Pure 100% natural with no extra care except the occasional brushing to get the knots out. Forgive the shorter patch in the middle, he wore it off on the fence last summer. This was after his very first ever bath with shampoo and conditioner. Suprisingly, he didn't mind having his head sprayed.

*please forgive his tubbyness, he has not been worked in several months*


----------



## DixiesPaintedNova (Nov 18, 2008)

he looks gorgeous.


----------



## ChingazMyBoy (Apr 16, 2009)

Very cute!  I love his mane!It looks very natural.


----------



## InspiredByHorses (Jul 19, 2009)

NICE mane


----------



## telstepien (Aug 14, 2009)

Love it! Its a shame he rubbed some out 
Theres no shame in adding product... Just a thought.


----------



## savvylover112 (Jul 17, 2009)

its so lovely xx


----------



## Gidji (Dec 19, 2008)

:O Love the mane.

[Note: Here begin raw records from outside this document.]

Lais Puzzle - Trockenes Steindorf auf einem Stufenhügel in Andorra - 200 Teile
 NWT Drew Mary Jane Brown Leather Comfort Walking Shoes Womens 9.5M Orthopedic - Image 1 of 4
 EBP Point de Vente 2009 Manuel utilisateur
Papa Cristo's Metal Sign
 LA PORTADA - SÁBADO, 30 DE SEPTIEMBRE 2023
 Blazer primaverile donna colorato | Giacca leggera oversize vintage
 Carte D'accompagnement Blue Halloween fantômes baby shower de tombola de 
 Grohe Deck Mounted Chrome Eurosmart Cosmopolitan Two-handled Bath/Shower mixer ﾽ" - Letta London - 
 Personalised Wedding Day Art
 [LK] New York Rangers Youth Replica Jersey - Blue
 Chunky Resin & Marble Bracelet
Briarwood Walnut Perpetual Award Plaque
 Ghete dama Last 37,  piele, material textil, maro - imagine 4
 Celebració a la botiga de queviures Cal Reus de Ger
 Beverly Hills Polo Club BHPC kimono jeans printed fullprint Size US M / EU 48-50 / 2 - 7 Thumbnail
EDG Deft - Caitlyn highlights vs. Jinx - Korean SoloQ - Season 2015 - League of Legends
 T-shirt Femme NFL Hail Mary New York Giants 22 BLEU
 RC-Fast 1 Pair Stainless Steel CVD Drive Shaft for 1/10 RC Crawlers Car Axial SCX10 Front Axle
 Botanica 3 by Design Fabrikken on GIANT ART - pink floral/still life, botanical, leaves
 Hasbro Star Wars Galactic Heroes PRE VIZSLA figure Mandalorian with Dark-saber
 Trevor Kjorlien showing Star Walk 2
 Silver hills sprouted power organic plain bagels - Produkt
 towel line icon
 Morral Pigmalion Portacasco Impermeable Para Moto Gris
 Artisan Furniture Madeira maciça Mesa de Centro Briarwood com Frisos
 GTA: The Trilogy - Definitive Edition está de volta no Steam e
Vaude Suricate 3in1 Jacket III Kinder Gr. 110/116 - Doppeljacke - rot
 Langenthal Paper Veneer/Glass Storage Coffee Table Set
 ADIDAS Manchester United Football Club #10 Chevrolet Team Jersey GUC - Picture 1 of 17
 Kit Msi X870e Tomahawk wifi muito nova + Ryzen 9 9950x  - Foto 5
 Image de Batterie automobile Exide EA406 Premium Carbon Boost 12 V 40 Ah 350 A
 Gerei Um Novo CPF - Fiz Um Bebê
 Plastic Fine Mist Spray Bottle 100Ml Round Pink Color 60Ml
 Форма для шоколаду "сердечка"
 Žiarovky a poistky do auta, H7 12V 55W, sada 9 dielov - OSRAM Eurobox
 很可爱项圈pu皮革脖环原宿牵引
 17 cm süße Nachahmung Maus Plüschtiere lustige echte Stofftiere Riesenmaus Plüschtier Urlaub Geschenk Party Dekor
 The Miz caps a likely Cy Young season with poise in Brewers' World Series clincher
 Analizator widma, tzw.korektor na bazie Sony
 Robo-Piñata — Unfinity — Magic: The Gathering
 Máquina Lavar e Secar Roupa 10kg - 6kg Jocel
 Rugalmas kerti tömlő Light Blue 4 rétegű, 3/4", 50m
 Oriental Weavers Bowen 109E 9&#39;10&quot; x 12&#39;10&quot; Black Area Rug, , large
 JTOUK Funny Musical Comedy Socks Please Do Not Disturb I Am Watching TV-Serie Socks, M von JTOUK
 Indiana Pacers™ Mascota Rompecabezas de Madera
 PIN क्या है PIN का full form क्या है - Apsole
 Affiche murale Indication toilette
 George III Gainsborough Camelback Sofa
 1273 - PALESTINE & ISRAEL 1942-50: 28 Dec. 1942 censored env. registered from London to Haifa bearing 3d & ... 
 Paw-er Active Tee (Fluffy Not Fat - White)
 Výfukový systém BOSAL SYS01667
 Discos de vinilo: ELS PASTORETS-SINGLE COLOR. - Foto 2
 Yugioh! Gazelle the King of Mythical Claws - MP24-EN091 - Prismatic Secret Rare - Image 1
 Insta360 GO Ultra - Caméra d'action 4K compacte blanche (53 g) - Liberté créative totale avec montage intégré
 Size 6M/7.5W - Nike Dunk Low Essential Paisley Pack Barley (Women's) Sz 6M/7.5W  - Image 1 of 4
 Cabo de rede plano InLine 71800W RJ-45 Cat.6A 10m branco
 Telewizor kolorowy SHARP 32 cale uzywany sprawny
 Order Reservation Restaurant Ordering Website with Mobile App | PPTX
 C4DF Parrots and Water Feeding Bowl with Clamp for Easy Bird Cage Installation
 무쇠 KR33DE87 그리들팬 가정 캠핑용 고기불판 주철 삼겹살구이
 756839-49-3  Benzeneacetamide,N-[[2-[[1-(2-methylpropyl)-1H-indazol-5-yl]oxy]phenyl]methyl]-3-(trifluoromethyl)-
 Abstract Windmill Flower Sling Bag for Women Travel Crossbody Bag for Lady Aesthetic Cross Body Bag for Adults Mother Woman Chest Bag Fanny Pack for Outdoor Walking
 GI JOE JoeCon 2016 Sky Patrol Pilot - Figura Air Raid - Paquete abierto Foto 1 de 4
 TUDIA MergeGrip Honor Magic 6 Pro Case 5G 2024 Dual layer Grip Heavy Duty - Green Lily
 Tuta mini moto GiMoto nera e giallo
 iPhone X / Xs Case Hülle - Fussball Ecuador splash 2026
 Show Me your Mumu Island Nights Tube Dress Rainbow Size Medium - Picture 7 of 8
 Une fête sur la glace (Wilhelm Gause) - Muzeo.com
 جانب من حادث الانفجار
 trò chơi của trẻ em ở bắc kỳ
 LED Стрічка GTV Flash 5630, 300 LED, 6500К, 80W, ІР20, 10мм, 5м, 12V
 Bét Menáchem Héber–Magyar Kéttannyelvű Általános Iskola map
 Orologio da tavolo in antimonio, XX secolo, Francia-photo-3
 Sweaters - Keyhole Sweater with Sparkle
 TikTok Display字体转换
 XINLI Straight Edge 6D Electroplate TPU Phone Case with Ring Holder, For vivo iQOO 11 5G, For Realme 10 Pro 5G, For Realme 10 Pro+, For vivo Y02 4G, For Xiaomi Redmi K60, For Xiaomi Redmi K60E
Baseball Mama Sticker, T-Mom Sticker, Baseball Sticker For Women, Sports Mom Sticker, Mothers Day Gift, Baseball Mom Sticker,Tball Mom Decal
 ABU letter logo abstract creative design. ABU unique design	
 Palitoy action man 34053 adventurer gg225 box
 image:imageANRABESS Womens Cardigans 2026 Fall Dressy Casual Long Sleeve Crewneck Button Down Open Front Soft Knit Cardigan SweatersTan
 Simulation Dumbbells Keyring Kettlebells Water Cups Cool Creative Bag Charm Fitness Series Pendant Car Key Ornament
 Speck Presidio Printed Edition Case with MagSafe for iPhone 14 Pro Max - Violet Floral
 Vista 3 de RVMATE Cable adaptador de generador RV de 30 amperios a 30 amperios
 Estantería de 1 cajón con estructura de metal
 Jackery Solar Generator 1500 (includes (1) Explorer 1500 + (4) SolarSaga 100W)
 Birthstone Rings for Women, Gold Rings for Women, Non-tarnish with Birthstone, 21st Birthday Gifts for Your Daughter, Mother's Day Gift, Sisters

Wish my dumb-blood didn't rub his out all the time. I wash it, make sure its completely clean, do everything to make him stop rubbing and he doesn't.


----------



## AlmagroN (Jul 19, 2009)

i have to get you a good pic of my 2yr old fillie. her mane makes me cry.... and so does her tail. but he looks good. its a shame when they rub parts out. i have a 2yr old colt who keeps rubbing one part of his in the middle so theres a huge chunk that stants strait up! he looks like a dummy!


----------



## morganshow11 (Dec 19, 2008)

Gidji said:


> :O Love the mane. Wish my dumb-blood didn't rub his out all the time. I wash it, make sure its completely clean, do everything to make him stop rubbing and he doesn't.


 My old TB used to rub his mane off to. What i did was braid it and them wrap it in vet wrap so it cant get rubbed off, and it worked


----------



## Jillyann (Mar 31, 2009)

Pretty!!!


----------



## AussieDaisyGirl (May 21, 2009)

Very pretty! Although tubby isn't healthy - it's SO nice to see a filled out horse. Each time I look at Maggie I want to cry.


----------



## 1dog3cats17rodents (Dec 7, 2007)

What a mane!

My horse, well... if I pulled his mane he would be bald. I have NEVER met a horse with a thinner man! I use the cheater comb and I can shorten his entire mane in 5-10 cuts. The hair could fill a thimble! He's got a really good tail though, once it grows out more


----------



## RoCru (Jul 19, 2009)

That is one handsome guy! His mane is gorgeous!


----------



## smrobs (Jul 30, 2008)

Thanks you guys. 1dog, you are more than welcome to come steal some of his for your horse. It is so thick and heavy. The base of the mane is over 1 inch wide in places.....whew. I just wish it didn't split right down the middle and hang on both sides of his neck, but I'm working on that.

And Aussie, me and Koda are telepathically sending Maggie some of his tubbyness in hopes that she will be healthier soon.


----------